We'd love for you to contribute to our source code and to make the Forest even better than it is today! Here are the guidelines we'd like you to follow:

Got a Question or Problem?

If you have questions about how to use the Forest, please direct these to the maintainers

Found an Issue?

If you find a bug in the source code or a mistake in the documentation, you can help us by submitting an issue to our GitHub Repository. Even better you can submit a Pull Request with a fix.

Please see the Submission Guidelines below.

Want a Feature?

You can request a new feature by submitting an issue to our GitHub Repository. If you would like to implement a new feature, it can be crafted and submitted to the GitHub Repository as a Pull Request.

Submission Guidelines

Submitting an Issue

Before you submit your issue search the archive, maybe your question was already answered.

If your issue appears to be a bug, and hasn't been reported, open a new issue. Help us to maximize the effort we can spend fixing issues and adding new features, by not reporting duplicate issues. Providing the following information will increase the chances of your issue being dealt with quickly:

  • Overview of the Issue - if an error is being thrown a non-minified stack trace helps
  • Motivation for or Use Case - explain why this is a bug for you
  • Version(s) - is it a regression?
  • Reproduce the Error - try to describe how to reproduce the error
  • Related Issues - has a similar issue been reported before?
  • Suggest a Fix - if you can't fix the bug yourself, perhaps you can point to what might be causing the problem (line of code or commit)

If you get help, help others. Good karma rulez!

Submitting a Merge Request

Before you submit your merge request consider the following guidelines:

  • Make your changes in a new git branch:

    git checkout -b my-fix-branch develop
  • Create your patch, including appropriate test cases.

  • Run the test suite and ensure that all tests pass.

  • Add a line in the CHANGELOG.md under Unreleased. This will be used form generating the release notes.

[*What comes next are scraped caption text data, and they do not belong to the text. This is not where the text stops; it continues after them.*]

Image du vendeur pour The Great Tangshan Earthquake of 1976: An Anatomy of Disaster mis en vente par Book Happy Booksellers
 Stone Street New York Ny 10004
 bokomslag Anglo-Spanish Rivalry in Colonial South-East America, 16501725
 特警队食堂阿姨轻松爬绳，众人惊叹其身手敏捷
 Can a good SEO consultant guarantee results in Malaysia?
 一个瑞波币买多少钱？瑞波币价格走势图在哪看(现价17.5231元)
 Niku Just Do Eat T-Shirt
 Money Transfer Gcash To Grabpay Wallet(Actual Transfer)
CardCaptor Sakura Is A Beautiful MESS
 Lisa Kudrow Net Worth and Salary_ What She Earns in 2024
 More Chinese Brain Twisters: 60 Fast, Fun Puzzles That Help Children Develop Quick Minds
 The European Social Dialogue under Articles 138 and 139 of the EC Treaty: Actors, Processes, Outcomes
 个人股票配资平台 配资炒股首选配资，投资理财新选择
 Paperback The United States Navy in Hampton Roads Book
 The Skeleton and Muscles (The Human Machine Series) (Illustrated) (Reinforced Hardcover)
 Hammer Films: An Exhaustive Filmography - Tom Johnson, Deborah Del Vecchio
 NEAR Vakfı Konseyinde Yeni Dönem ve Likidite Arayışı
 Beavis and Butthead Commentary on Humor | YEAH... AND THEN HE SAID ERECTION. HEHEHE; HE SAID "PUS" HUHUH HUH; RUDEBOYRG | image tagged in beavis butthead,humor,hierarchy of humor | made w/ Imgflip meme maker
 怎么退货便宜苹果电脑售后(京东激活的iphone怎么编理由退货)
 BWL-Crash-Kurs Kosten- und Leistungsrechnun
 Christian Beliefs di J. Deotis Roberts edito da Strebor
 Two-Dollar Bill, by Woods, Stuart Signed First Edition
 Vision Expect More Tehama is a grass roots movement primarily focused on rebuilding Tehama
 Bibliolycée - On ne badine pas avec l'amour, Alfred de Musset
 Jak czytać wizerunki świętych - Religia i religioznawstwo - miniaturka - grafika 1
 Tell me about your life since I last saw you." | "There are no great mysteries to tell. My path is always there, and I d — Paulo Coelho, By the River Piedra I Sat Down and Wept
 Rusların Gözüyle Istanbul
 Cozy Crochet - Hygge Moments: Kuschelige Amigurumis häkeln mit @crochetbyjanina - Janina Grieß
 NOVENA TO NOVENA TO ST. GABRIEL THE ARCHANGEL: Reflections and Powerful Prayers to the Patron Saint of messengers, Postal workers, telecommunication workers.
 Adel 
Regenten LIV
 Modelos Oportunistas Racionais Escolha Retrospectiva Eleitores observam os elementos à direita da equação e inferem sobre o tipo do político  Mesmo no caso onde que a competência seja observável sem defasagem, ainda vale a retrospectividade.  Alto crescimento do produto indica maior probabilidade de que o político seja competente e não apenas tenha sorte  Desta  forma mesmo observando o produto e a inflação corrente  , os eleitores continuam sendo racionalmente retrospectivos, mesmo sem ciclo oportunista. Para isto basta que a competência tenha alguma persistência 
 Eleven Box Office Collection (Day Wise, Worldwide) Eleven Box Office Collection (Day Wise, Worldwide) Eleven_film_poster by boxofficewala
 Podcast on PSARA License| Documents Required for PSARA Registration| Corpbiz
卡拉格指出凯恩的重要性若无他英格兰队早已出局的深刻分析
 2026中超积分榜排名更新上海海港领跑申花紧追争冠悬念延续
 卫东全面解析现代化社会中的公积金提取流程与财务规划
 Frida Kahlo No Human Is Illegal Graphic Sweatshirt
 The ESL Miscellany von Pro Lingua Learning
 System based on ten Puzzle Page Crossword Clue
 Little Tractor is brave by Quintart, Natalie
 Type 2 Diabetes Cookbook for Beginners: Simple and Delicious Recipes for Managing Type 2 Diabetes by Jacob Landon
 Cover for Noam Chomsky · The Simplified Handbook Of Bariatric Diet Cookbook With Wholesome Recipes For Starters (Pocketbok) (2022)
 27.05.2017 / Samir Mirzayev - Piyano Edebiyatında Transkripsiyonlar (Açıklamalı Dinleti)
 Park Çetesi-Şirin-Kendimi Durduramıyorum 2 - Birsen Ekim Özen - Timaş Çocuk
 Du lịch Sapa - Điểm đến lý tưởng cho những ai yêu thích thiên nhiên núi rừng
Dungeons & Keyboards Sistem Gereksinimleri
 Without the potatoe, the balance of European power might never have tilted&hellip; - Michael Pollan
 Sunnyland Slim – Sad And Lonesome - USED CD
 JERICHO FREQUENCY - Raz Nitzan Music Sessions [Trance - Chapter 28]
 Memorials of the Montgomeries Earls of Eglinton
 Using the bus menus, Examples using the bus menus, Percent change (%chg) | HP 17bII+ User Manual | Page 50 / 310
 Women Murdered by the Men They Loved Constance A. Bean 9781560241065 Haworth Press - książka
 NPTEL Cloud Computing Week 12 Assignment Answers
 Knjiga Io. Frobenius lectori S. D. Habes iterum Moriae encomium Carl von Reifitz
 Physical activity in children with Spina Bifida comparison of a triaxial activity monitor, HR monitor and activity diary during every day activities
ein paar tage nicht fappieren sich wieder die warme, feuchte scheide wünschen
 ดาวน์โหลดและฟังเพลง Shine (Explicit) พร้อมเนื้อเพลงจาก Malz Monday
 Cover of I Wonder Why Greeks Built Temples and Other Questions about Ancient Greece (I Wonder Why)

  • Commit your changes using a descriptive commit message.

    git commit -a

    Note: the optional commit -a command line option will automatically "add" and "rm" edited files.

  • Build your changes locally to ensure all the tests pass:

  • Push your branch to GitHub:

    git push origin my-fix-branch

In GitHub, send a pull request to original main branch. If we suggest changes, then:

  • Make the required updates.
  • Re-run the test suite to ensure tests are still passing.
  • Commit your changes to your branch (e.g. my-fix-branch).
  • Push the changes to your GitHub repository (this will update your Pull Request).

If the PR gets too outdated we may ask you to rebase and force push to update the PR:

git rebase main -i
git push origin my-fix-branch -f

WARNING: Squashing or reverting commits and force-pushing thereafter may remove GitHub comments on code that were previously made by you or others in your commits. Avoid any form of rebasing unless necessary.

That's it! Thank you for your contribution!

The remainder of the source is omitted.